§ **Exercise directions**:
Look below for the line with "Black container with" and the line with "Mother and toddler". Copy exactly those two lines and every line between, but not the pictures.

§ **Records provided**:
● ● ●

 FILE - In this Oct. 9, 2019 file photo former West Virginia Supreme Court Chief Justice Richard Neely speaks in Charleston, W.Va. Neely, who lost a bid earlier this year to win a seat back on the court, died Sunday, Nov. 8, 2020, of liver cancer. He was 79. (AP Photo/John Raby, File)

● ● ●

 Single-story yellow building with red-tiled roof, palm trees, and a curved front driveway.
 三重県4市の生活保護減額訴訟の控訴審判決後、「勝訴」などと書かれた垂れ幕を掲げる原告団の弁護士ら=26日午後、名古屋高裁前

● ● ●

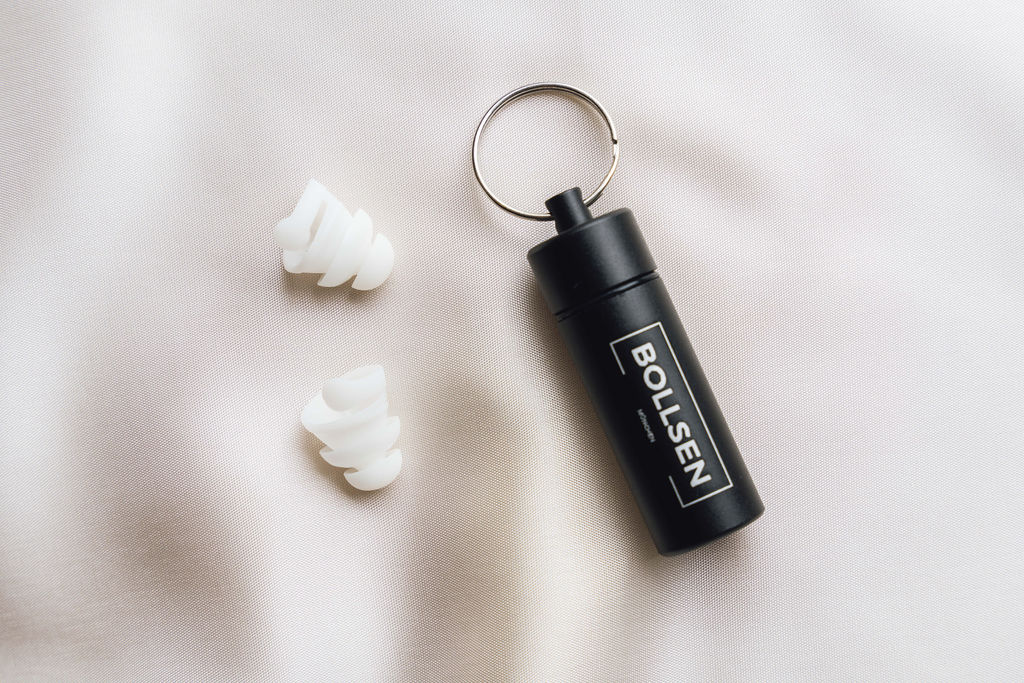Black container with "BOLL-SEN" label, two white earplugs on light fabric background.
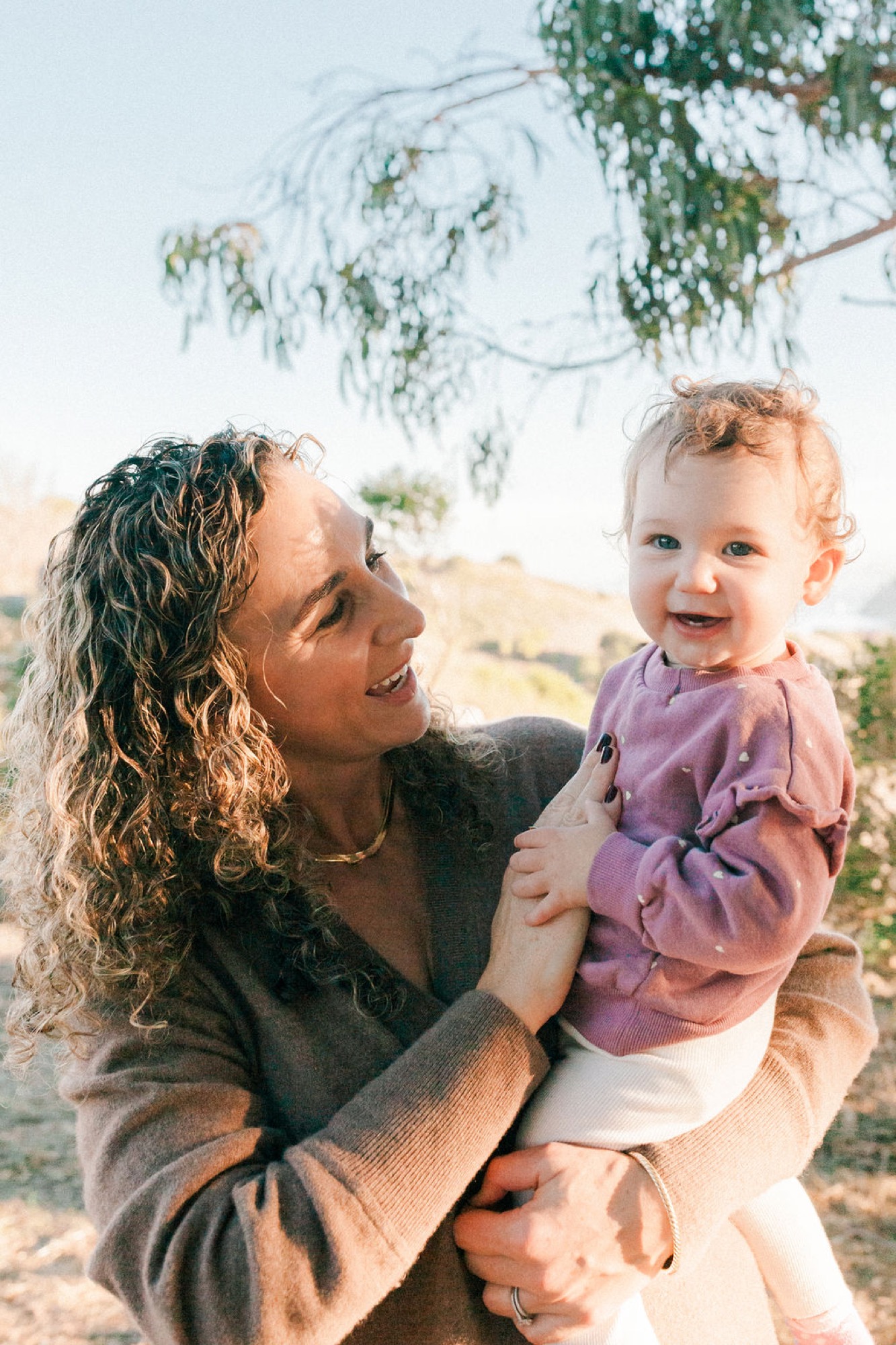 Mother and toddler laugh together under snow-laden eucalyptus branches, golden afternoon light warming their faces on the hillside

● ● ●

§ **Response**:
Black container with "BOLL-SEN" label, two white earplugs on light fabric background.
 Mother and toddler laugh together under snow-laden eucalyptus branches, golden afternoon light warming their faces on the hillside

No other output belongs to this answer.